# INPUT DATA
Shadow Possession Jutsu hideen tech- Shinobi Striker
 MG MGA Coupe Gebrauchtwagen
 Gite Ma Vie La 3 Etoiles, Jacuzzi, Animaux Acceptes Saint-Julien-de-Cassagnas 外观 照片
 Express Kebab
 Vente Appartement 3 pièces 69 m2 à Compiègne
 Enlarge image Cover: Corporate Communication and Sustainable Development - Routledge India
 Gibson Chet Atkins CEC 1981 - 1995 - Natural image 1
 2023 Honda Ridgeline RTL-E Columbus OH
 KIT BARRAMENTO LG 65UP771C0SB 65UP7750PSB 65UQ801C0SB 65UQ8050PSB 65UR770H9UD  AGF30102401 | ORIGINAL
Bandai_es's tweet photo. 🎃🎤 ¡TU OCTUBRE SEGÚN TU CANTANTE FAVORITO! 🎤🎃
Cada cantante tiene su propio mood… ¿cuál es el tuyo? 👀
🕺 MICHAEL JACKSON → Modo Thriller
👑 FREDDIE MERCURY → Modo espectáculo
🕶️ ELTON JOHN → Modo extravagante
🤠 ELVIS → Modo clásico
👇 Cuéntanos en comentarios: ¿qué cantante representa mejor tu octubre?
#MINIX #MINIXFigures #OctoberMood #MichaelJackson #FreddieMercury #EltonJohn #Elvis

# TASK OBJECTIVE
Word for word, restate the line with "2023 Honda Ridgeline RTL-E Columbus OH" and all remaining lines of the material, stopping only at the final line.

# THE ANSWER
 2023 Honda Ridgeline RTL-E Columbus OH
 KIT BARRAMENTO LG 65UP771C0SB 65UP7750PSB 65UQ801C0SB 65UQ8050PSB 65UR770H9UD  AGF30102401 | ORIGINAL
Bandai_es's tweet photo. 🎃🎤 ¡TU OCTUBRE SEGÚN TU CANTANTE FAVORITO! 🎤🎃
Cada cantante tiene su propio mood… ¿cuál es el tuyo? 👀
🕺 MICHAEL JACKSON → Modo Thriller
👑 FREDDIE MERCURY → Modo espectáculo
🕶️ ELTON JOHN → Modo extravagante
🤠 ELVIS → Modo clásico
👇 Cuéntanos en comentarios: ¿qué cantante representa mejor tu octubre?
#MINIX #MINIXFigures #OctoberMood #MichaelJackson #FreddieMercury #EltonJohn #Elvis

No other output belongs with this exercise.